Let’s take the same dataframe from above.
Instead of filling the NaN values with 0, we can fill the NaNs in our dataframe with a string value.
If you want to replace NaN values in just the “sum” column with “NaN replaced”, you can do the following:
df["sum"] = df["sum"].fillna("NaN replaced") #replacing NaN values with "NaN replaced" for the column "sum"
To replace the NaN values in multiple columns, the Python code below will allow you can do this:
df[["sum","mean"]] = df[["sum","mean"]].fillna("NaN replaced") #replacing NaN values with "NaN replaced" for the columns "sum" and "mean"

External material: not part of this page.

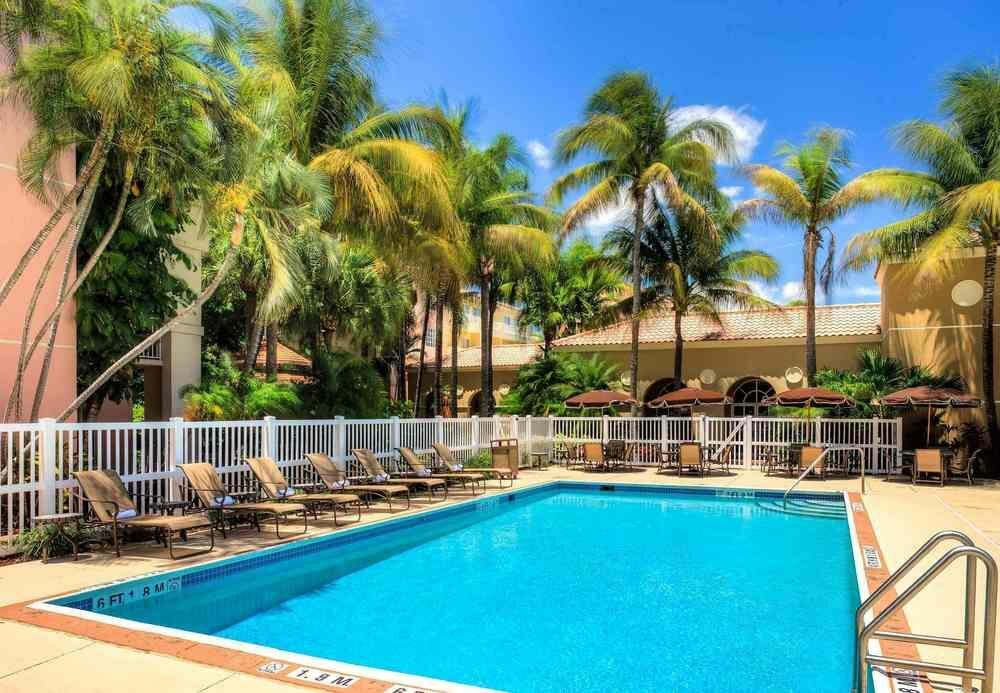 Courtyard By Marriott Lauderdale North/cypress Creek Hotel 3*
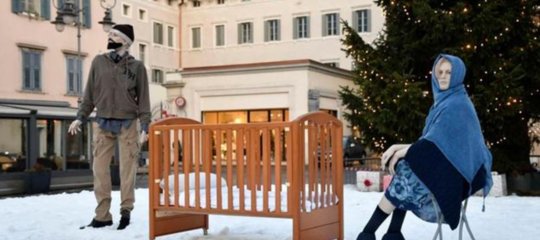 Hanno distrutto nella notte il presepe 'trans' di Rovereto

If you want to replace NaN values in the entire dataframe with a string, then you can do the following:
df = df.fillna("NaN replaced") #replacing NaN values with "NaN replaced" for the entire dataframe
The resulting dataframe is as follows:
df.fillna("NaN replaced", inplace=True)
#output:
animal_type gender type variable level count mean sum std min 25% 50% 75% max
0 cat female numeric age N/A 5.0 3.6 18 1.51658 2 3 3 4 6
1 cat male numeric age N/A 2.0 1.5 3 0.707107 1 1.25 1.5 1.75 2
2 dog female numeric age N/A 2.0 4 8 0 4 4 4 4 4
3 dog male numeric age N/A 4.0 3.75 15 1.89297 1 3.25 4.5 5 5
4 cat female numeric weight N/A 5.0 54 270 32.0936 10 40 50 80 90
5 cat male numeric weight N/A 2.0 55 110 63.6396 10 32.5 55 77.5 100
6 dog female numeric weight N/A 2.0 50 100 42.4264 20 35 50 65 80
7 dog male numeric weight N/A 4.0 45 180 23.8048 20 27.5 45 62.5 70
8 cat female categorical state FL 2.0 NaN Replaced NaN Replaced NaN Replaced NaN Replaced NaN Replaced NaN Replaced NaN Replaced NaN Replaced
9 cat female categorical state NY 1.0 NaN Replaced NaN Replaced NaN Replaced NaN Replaced NaN Replaced NaN Replaced NaN Replaced NaN Replaced
10 cat female categorical state TX 2.0 NaN Replaced NaN Replaced NaN Replaced NaN Replaced NaN Replaced NaN Replaced NaN Replaced NaN Replaced
11 cat male categorical state CA 1.0 NaN Replaced NaN Replaced NaN Replaced NaN Replaced NaN Replaced NaN Replaced NaN Replaced NaN Replaced
12 cat male categorical state TX 1.0 NaN Replaced NaN Replaced NaN Replaced NaN Replaced NaN Replaced NaN Replaced NaN Replaced NaN Replaced
13 dog female categorical state FL 1.0 NaN Replaced NaN Replaced NaN Replaced NaN Replaced NaN Replaced NaN Replaced NaN Replaced NaN Replaced
14 dog female categorical state TX 1.0 NaN Replaced NaN Replaced NaN Replaced NaN Replaced NaN Replaced NaN Replaced NaN Replaced NaN Replaced
15 dog male categorical state CA 1.0 NaN Replaced NaN Replaced NaN Replaced NaN Replaced NaN Replaced NaN Replaced NaN Replaced NaN Replaced
16 dog male categorical state FL 1.0 NaN Replaced NaN Replaced NaN Replaced NaN Replaced NaN Replaced NaN Replaced NaN Replaced NaN Replaced
17 dog male categorical state NY 2.0 NaN Replaced NaN Replaced NaN Replaced NaN Replaced NaN Replaced NaN Replaced NaN Replaced NaN Replaced
18 cat female categorical trained yes 5.0 NaN Replaced NaN Replaced NaN Replaced NaN Replaced NaN Replaced NaN Replaced NaN Replaced NaN Replaced
19 cat male categorical trained no 2.0 NaN Replaced NaN Replaced NaN Replaced NaN Replaced NaN Replaced NaN Replaced NaN Replaced NaN Replaced
20 dog female categorical trained no 1.0 NaN Replaced NaN Replaced NaN Replaced NaN Replaced NaN Replaced NaN Replaced NaN Replaced NaN Replaced
21 dog female categorical trained yes 1.0 NaN Replaced NaN Replaced NaN Replaced NaN Replaced NaN Replaced NaN Replaced NaN Replaced NaN Replaced
22 dog male categorical trained no 4.0 NaN Replaced NaN Replaced NaN Replaced NaN Replaced NaN Replaced NaN Replaced NaN Replaced NaN Replaced
Using pandas replace() to Replace NaN in Pandas Dataframe
We can also use the pandas replace() function to replace NaN values in a pandas dataframe.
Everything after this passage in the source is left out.